It’s one of those perennial “truth or dare” type questions that comes around now and again.
Have you ever cheated? If so, what were the reasons behind it, and how did you feel afterwards?
The circumstances, and I am not attempting to justify my actions, were difficult. My (then) wife had had at least three affairs that I was aware of. While not exactly turning a blind eye to such things, for the sake of my marriage and the fact that, despite this, I did love her, I was prepared to live with it. We were together for 16 years.
It was only in the last few, painful, months that I finally strayed myself.

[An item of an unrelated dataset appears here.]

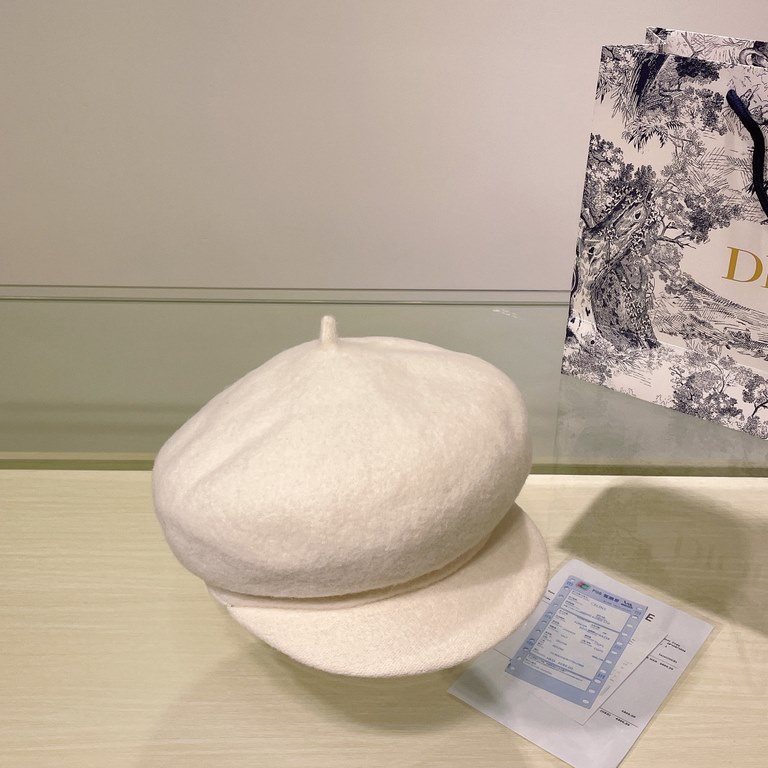 Dior Dior's new fall and winter octagonal military hat has a super nice shape!  Super versatile! Goddess model hundred hitched out of the street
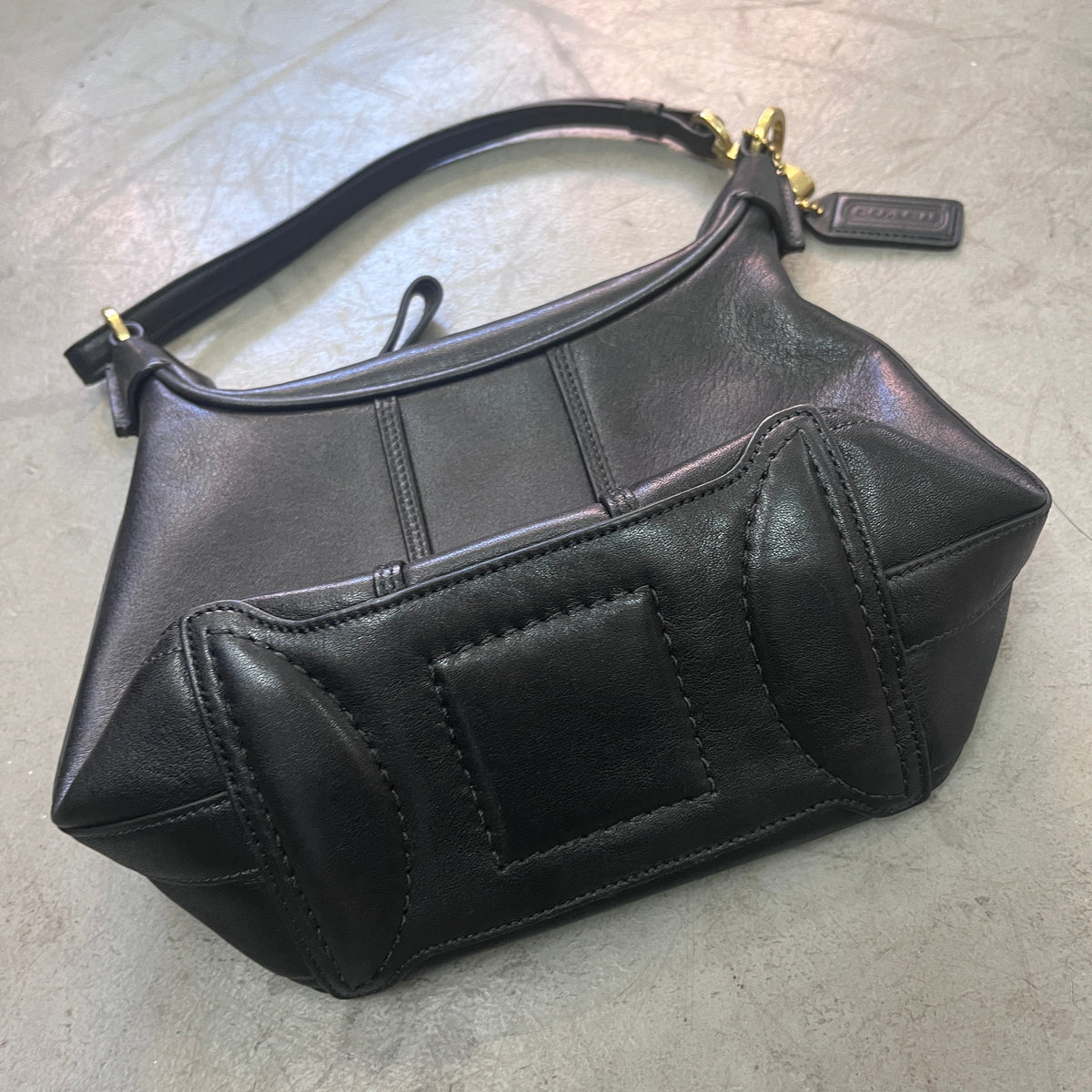 COACH AMANDA SMALL HOBO BLK LEATHER 00s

Some might think it was a form of retaliation; it wasn’t. I didn’t actually go looking for someone else to have sex with, it just happened. The fact that the woman involved was, herself, married, only added to the generally fucked-upness of the situation.
I was at a pretty low place in terms of my depression (I had had a complete breakdown some months earlier) and I was flattered that, in my broken state, someone found me remotely attractive. The affair, such as it was, lasted about a year, continuing some six months after I eventually moved out.
Despite my circumstances, I still felt bad about it. Not because I’d held some moral high ground for sticking to my vows while my wife had flaunted hers, but because somehow I had become “that guy”; the one who uses his own sorry situation to get himself laid.
The sex, however, was very good. It filled a gap in what was left with the relationship with my wife. I didn’t feel guilty, nor did I feel a sense of vindicated retaliation. It was simply some very good sex, where there no longer was any sex at home (well, actually, there was sex going on at home, but it wasn’t me having it).
I still felt bad about it though.
Humans: we love to complicate things.